Thursday, November 6, 2008

End of An Era

One minute I held the key
Next the walls were closed on me
And I discovered my castles stand
Upon pillars of salt and pillars of sand
Coldplay

Everyone ought to bear patiently the results of his own conduct.
Shakespeare

It has been over two months of financial turmoil. For over 25 years I have been studying banks, monetary policy, credit markets and financial crises. So following these events for me has been fascinating and appalling. I have been saying in my newsletters and presentations for well over a year that we were facing serious problems. I have ranted and raved that risk wasn’t priced into the market, how the misuse of derivatives was going to lead to trouble and that unless the U.S. housing market was resuscitated that things were going to keep getting worse.

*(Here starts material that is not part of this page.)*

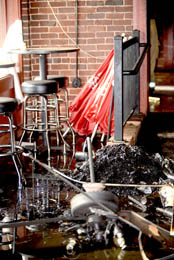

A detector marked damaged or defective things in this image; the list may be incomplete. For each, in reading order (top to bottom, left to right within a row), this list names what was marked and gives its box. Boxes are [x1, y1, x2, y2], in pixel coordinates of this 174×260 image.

burned debris pile [71, 143, 174, 196]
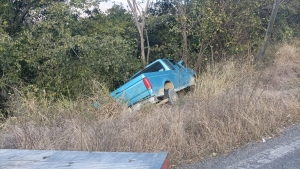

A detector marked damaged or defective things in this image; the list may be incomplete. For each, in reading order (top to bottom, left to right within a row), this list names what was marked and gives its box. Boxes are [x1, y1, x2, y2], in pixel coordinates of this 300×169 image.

crashed blue pickup truck [110, 58, 195, 107]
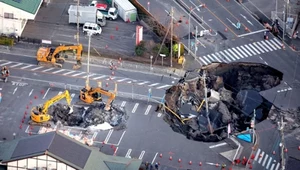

I just didn’t think that it would mutate to such an extreme outcome. Things are moving so fast that I will not be able to talk about everything that has happened. I will try to hit the main highlights of the last seven weeks. It is like watching dominoes fall knocking each other haphazardly. It has been unclear what impact each falling domino would have on other dominoes. I will try to walk you through the chain of falling dominoes and what the impacts have been.

As we have previously discussed, financial institutions had taken huge bets using derivatives which were not properly reflected on their balance sheets or understood by management. These derivatives amplified the impact of the collapsing housing market. It was as though an atomic bomb was detonated in the credit markets flattening many institutions in its wake.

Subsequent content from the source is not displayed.